Fifteen minutes later, the thermostat is satisfied, and the boiler shuts down.  If the orifices were sized for the actual EDR of the radiator (let's pick 40 sq ft, it will probably be heated about 25% of the way (10 sq ft).  If the orifice was under sized, say for 30 sq ft, the radiator will be heated to about 25% of 30 sq ft (7.5 sq ft).  If the orifice was over sized, because the room is usually too cool, let's say the orifice is sized for 60 sq ft, then the radiator will have been heated 25% of 60 sq ft (15 sq ft).   In this manner, individual orifices can be adjusted to both decrease and increase the effective EDR of a given radiator.  Even in a long cycle where full saturation of the radiator occurs, while the oversizing effect will be decreased, it will still have some effect because the over sized orifice will cause the radiator to come up to full temperature faster the the other radiators and it's effective heat output over time will be greater per actual rated EDR than the other radiators in the system.  I believe it was Dave Bunnell who referred to this ability modifying radiator output as the "virtual radiator".

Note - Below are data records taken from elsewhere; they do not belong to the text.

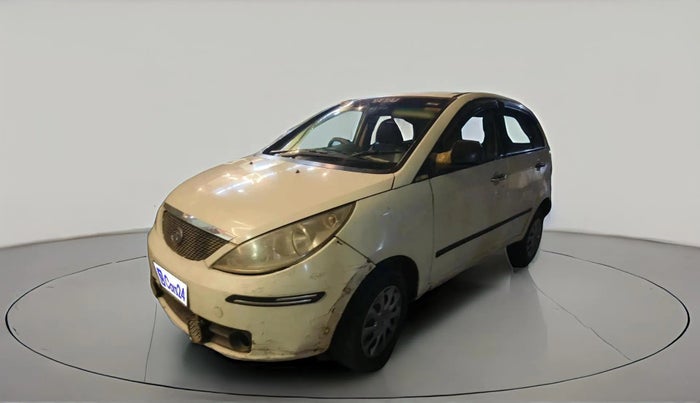 2011 Tata Indica Vista TERRA TDI, Diesel, Manual, 2,53,231 km, exterior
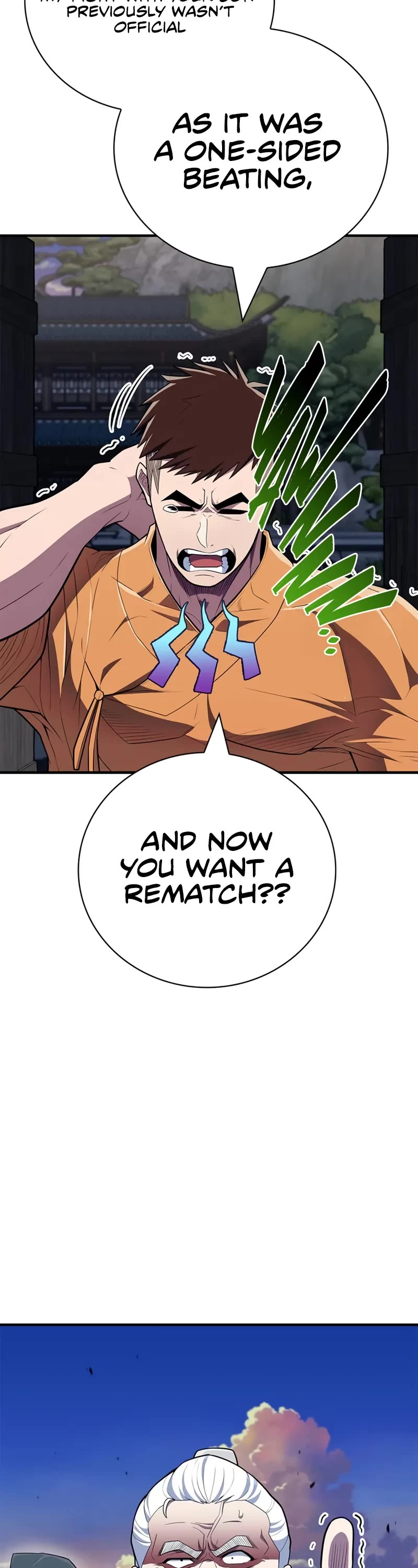 Genius Martial Arts Trainer Chapter 51 page 33 - Chapter 51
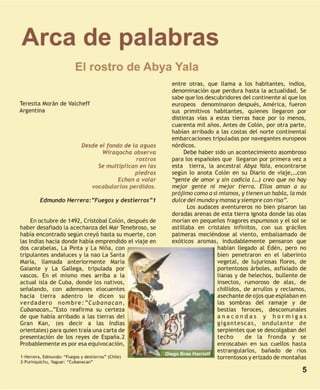 Mandala literaria no. 22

So, we've now covered questions 2, 3, & 4.  What about #1 and frictional pipe losses?  Frictional pipe losses at very low pressures, say 1-2 oz are quite large and are at the root of distribution problems.  Every elbow, tee, or length of pipe, and even turbulence within the pipe causes some resistance to flow.  At 2 oz of pressure, the pressure drop is so small that it would be difficult to measure, but as a percentage of the pressure, it is quite high.  Raising the pressure in the main will decrease the pressure drop.  According to information at http://www.engineeringtoolbox.com/steam-pressure-drop-calculator-d_1093.html   



When considering a 100 meter length of pipe, increasing the pressure by a factor of ten will decrease the pressure drop by a factor of 10.  Thus, the pressure drops that are present in the piping during the steaming cycle at 2 oz. in a non orifice system  will be greatly reduced by the addition of orifices, which causes the pressure in the mains to be raised, in this case to 32 oz (2psi), which is a factor of 16.  This is in part the reason that orifices are able to equalize the distribution, the various pressure drops that occur all throughout the steam mains are effectively removed from the equation.